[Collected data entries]
• • •

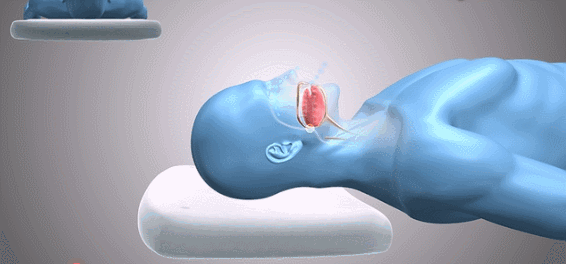 打呼噜原理模拟图    "阻塞性睡眠呼吸暂停低通气综合 征" ,是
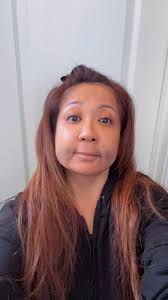 Just got home after a 3 day procedure at Bionic Smile! I'm all bruised up  and my top lip is super swollen. It still looks funny when I smile but I'll  take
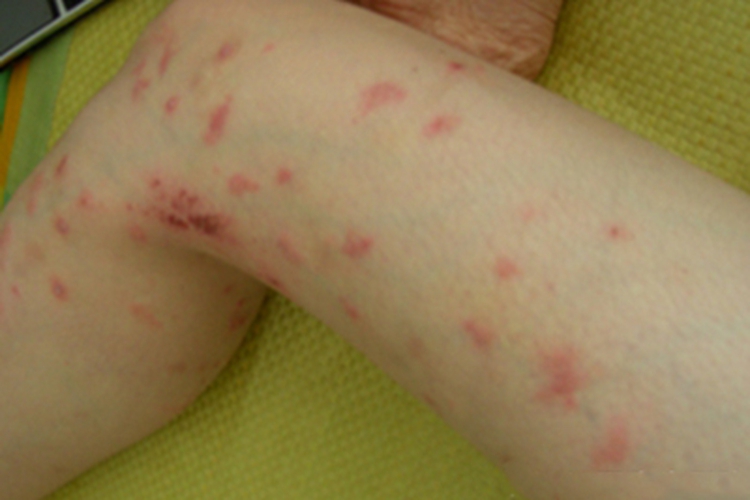 虫咬皮炎风团图 虫咬皮炎风团图
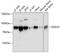 DEAD-Box Helicase 3 Y-Linked antibody, A06062-2, Boster Biological Technology, Western Blot image 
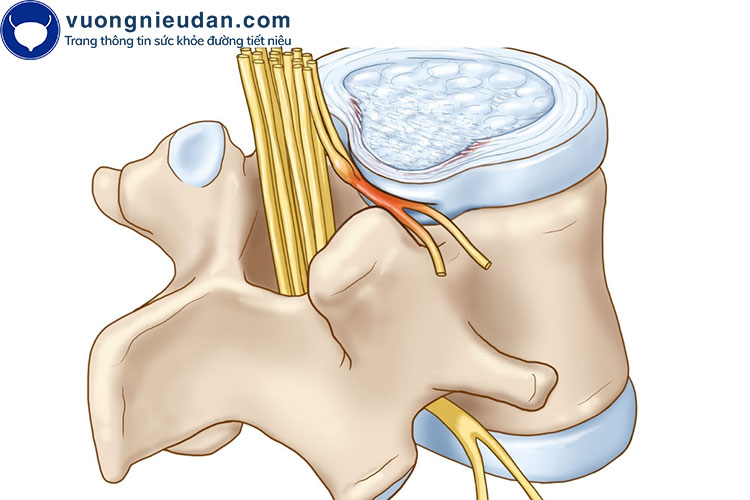 Cơ trơn bàng quang giảm hoạt 1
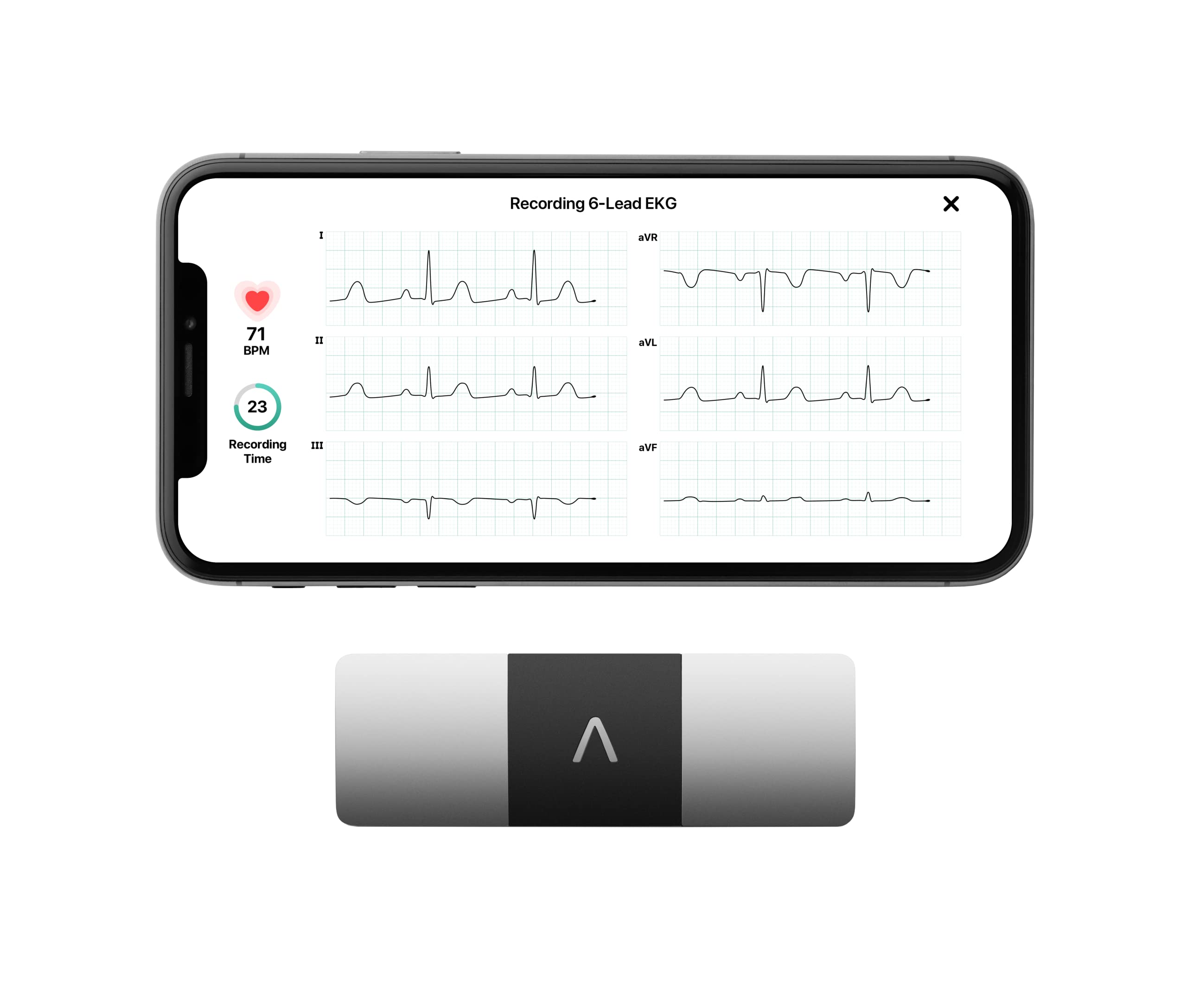 KardiaMobile 6-Lead Personal EKG Monitor – Portable Heart Rhythm Detector for AFib & Arrhythmias – 30-Second Instant Results – Compatible with Most Smartphones – FSA/HSA Eligible – Perfect for Home Health Monitoring & Travel Cardiac Care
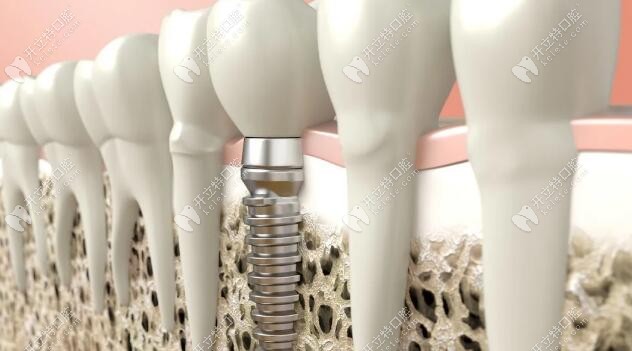 動真格：這即刻負重種植技術(shù)，真能實現(xiàn)當(dāng)天種牙當(dāng)天吃！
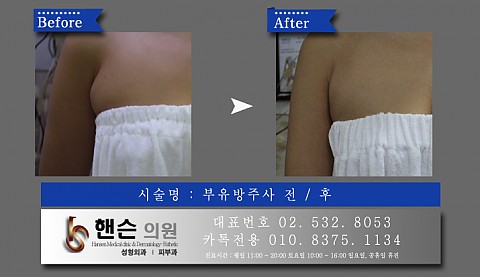 부유방주사 전후사진입니다 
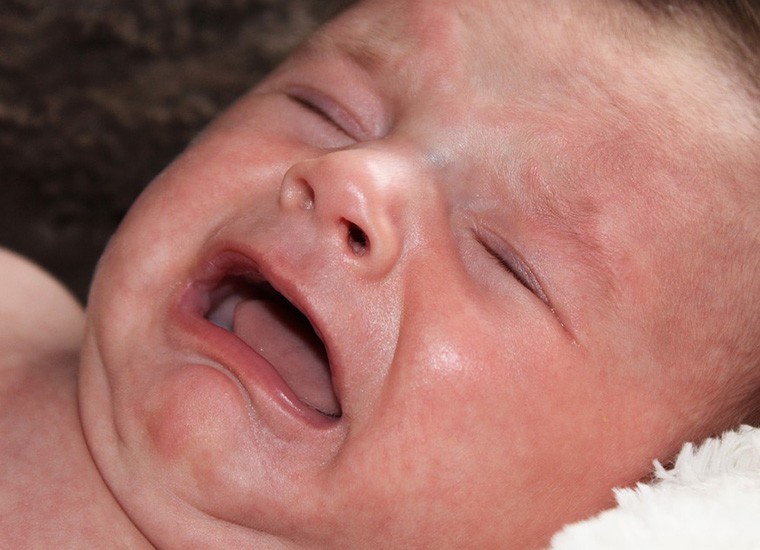 Mughetto nei neonati: cos’è e come curarlo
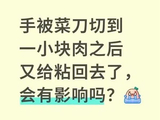 手指被刀切掉一块肉 “粘回去”有用吗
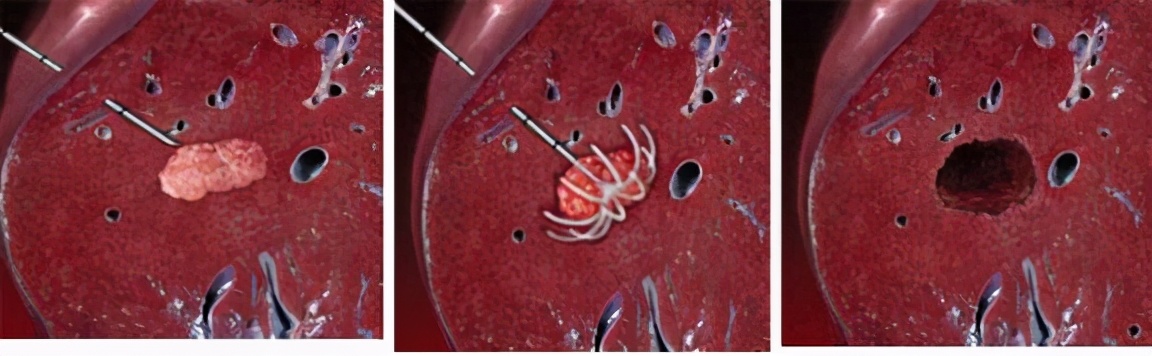 肝癌腹腔镜消融和ct消融哪个好,射频消融治疗肝癌的优缺点是什么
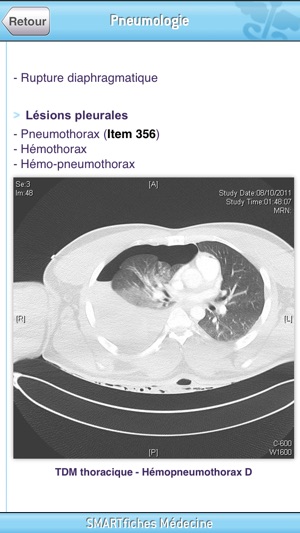 SMARTfiches Pneumologie(圖3)-速報App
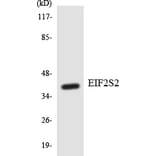 Western Blot - Anti-EIF2S2 Antibody (R12-2741) - Antibodies.com
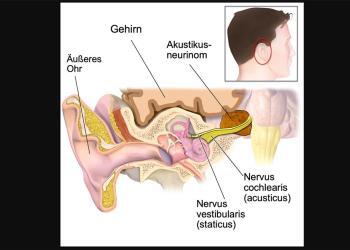 Typische anatomische Lage des Akustikusneurinoms © Partynia / wikimedia / CC BY-SA 4.0
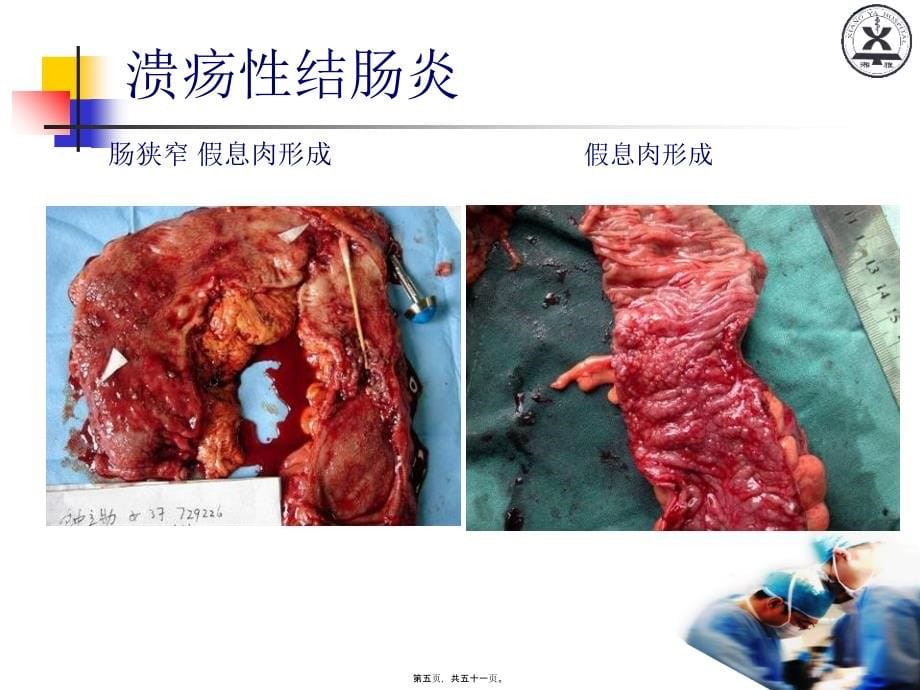 2022医学课件大肠癌晏教授讲义_第5页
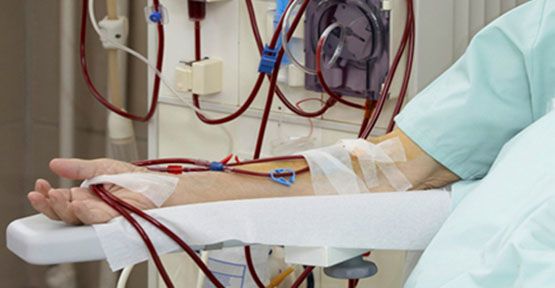 bobrek diyalizibobrek diyalizi nedirbobrek diyalizi hakkinda bilgi h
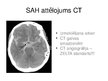 Prezentācija 'Akūti galvas smadzeņu asinsrites traucējumi', 19.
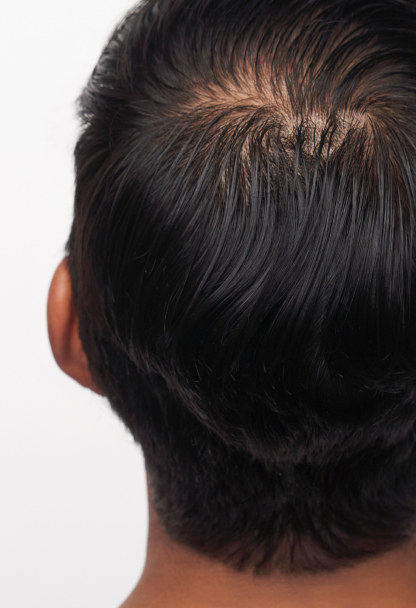 THINNING SPOTS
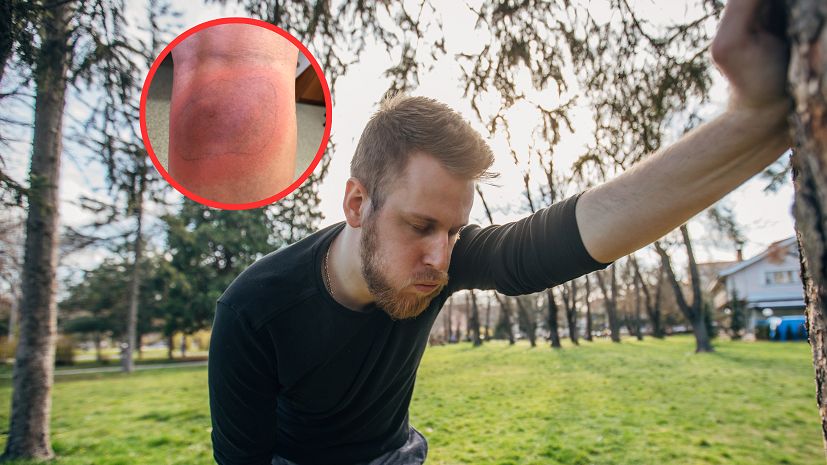 Widoczny objaw boreliozy. "Pojawia się w miejscu wkłucia"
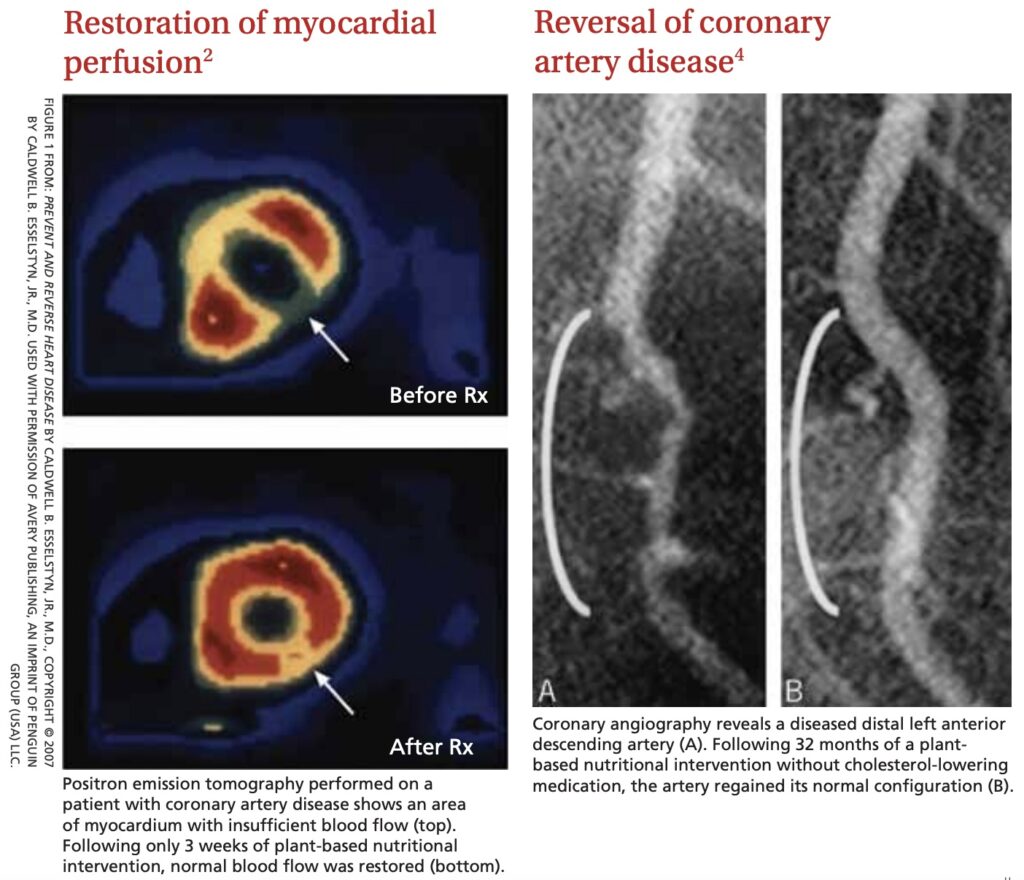 Efeito terapêutico de um padrão alimentar baseado em plantas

• • •

**Task**. The stretch to restate runs from the line above containing "DEAD-Box Helicase 3" through the line containing "KardiaMobile 6-Lead Personal". Copy it word for word, ends included, without pictures.

**Exercise response**.
 DEAD-Box Helicase 3 Y-Linked antibody, A06062-2, Boster Biological Technology, Western Blot image 
 Cơ trơn bàng quang giảm hoạt 1
 KardiaMobile 6-Lead Personal EKG Monitor – Portable Heart Rhythm Detector for AFib & Arrhythmias – 30-Second Instant Results – Compatible with Most Smartphones – FSA/HSA Eligible – Perfect for Home Health Monitoring & Travel Cardiac Care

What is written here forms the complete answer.